Sometimes I wish I cared more about things and people. It would make my conversations about things, especially when it relates to my life, much easier. Then I wouldn’t have to have that awkward realization that they think I am upset or sad about something when in reality I don’t care all that much and actually was probably just stating a fact that I was annoyed at the fact that something in my life has to change, not really caring about the actual people coming or going in my life. And if I tell them I do not care all that much then they just think I am trying to hide my feelings, but in reality if I had feelings to hide I just would not talk about them.
I don’t know if that makes one bit of sense, but it is just awkward when people think I’m upset or care more about something than I do. Typically speaking I have moved on from what ever new annoying thing that has popped up in my personal life before I decided to tell anyone about it and chances are it did not hurt or affect me even close to amount you are assuming it did.
I find it quite saddening when I have to help a male friend of mine get rid of a girl who is making him uncomfortable, and that my advice is simply tell her that she is making you uncomfortable. And it is like the best advice in the world because they never though that doing that was an option, they figured saying something so bold would hurt the girl and then they wouldn’t be this nice guy anymore.
Well, jesus, guys just because you are a “nice guy” that doesn’t mean you have to take anyone else’s shit. If you do not like being treated the way someone treats you, tell them. If some girl is making you feel uncomfortable by coming on too strong or is just kind of rude, tell her. And if she gets mad, then it is not you that are in the wrong, it is her.
Let me tell you, almost any female I know when a guy is bothering them they do not hesitate to say something because that is what we are taught to do. To tell the dude that hey this is not okay and then if they keep going THEY ARE WRONG.
It goes both ways. Just because you are this nice guy does not mean you cannot stand up for yourself. You do not owe any female anything, especially the ones who are bothering you.
I just see this way to often and I am honestly speechless when I give the advice to just tell the girl that they are making them uncomfortable and it is like I just offered them the key to happiness. They all get so excited, almost like wait, I can do that. Yeah you can. You have feelings, you are allowed to share them even if the girl may not like what you have to say.
I guess society doesn’t teach any one this anymore, but goddamnit, if you are a guy or a girl, and any person is bothering you, you have every right to tell them they are and to tell them to knock it off.
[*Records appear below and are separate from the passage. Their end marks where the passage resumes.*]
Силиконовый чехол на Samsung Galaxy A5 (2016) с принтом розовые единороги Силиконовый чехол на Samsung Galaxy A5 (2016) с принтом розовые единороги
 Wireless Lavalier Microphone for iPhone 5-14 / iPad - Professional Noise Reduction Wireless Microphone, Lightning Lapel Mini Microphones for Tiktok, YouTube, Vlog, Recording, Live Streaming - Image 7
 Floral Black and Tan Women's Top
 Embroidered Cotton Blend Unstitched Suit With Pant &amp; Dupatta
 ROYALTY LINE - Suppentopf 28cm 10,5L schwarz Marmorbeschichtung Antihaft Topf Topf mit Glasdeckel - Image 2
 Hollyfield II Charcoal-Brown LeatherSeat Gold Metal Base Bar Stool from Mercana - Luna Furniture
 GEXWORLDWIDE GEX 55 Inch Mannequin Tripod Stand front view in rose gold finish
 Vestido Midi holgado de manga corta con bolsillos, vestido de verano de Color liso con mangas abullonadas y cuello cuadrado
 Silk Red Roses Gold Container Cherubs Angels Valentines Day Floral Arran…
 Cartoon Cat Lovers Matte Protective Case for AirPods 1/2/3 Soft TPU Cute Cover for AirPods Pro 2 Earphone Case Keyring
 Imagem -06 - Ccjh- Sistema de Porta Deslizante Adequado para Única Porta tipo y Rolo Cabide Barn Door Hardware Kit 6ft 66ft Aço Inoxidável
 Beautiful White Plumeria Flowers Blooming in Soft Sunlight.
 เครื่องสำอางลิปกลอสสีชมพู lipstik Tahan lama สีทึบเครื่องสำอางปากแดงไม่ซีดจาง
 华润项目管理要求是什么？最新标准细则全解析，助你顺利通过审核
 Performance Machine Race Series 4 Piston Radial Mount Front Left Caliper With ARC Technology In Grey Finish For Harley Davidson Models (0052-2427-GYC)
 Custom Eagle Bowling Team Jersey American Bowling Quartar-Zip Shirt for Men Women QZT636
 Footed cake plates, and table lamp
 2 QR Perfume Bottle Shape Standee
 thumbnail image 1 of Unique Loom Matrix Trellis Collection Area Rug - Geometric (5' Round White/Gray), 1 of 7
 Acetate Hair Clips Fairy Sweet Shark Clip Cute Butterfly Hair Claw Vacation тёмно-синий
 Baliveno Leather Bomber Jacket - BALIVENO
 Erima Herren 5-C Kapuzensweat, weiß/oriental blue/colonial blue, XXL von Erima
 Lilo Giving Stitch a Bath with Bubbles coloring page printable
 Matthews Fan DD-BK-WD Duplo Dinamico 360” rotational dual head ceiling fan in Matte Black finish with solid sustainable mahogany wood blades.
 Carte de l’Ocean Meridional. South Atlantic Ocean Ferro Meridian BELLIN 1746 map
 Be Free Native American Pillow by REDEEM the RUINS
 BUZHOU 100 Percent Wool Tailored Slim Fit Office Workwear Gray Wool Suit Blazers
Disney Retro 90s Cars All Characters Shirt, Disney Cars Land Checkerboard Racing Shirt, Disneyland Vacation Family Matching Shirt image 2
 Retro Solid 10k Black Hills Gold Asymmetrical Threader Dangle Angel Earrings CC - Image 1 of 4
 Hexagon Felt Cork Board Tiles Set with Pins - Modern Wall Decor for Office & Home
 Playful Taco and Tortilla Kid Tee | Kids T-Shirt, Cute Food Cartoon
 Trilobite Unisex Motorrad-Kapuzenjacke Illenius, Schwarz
Why can’t my life just be simple. I gave up on you and now you come rolling back in my life.
Why can’t it be as simple as you’re gone or you’re here, not some awkward back and forth.
Or why can’t I just be like fuck you feelings I don’t care what you think I am done dealing with this shit. Why can’t it be that easy, but nope I become a fucking stupid happy mess around you. … even though I know nothing will ever change.
Auugh sometimes I despise my life. And sometimes I wished I believed in god so I could just blame him for this shit and not try so hard to figure out what the fuck I’m doing wrong or what is so fucking wrong with me.
I am just a mess.
Sometimes I wish I could just disappear. I am tired of being a part of society, of my life. I wish I could just fade away and my responsibilities would fade away as well and not be dumped on someone else.
I wish the world was simple enough that I could wander off into the trees and live my life alone, no one to ever bother me. Life would be better surrounded by nature and whatever my mind creates.
I wish I could just live in a cabin in the woods and go insane by myself and not have a person or government care what exactly I was doing.
But I know that’s too much to ask because we live in a world where disappearing is impossible because everyone has to know what you’re doing. And even if you manage to hide from the people, the government will find you and make you live your life the way they think is normal.
Maybe I will just keep my mouth shut from now on because I am getting really sick and tired of getting yelled at and snapped at for trying to help. It is just not worth my effort if you will not even allow me to have an opinion, sometimes it helps to see it from another side, but anything that isn’t in your line of thinking is automatically wrong, so I guess I will just stop. I have my own life to live anyways.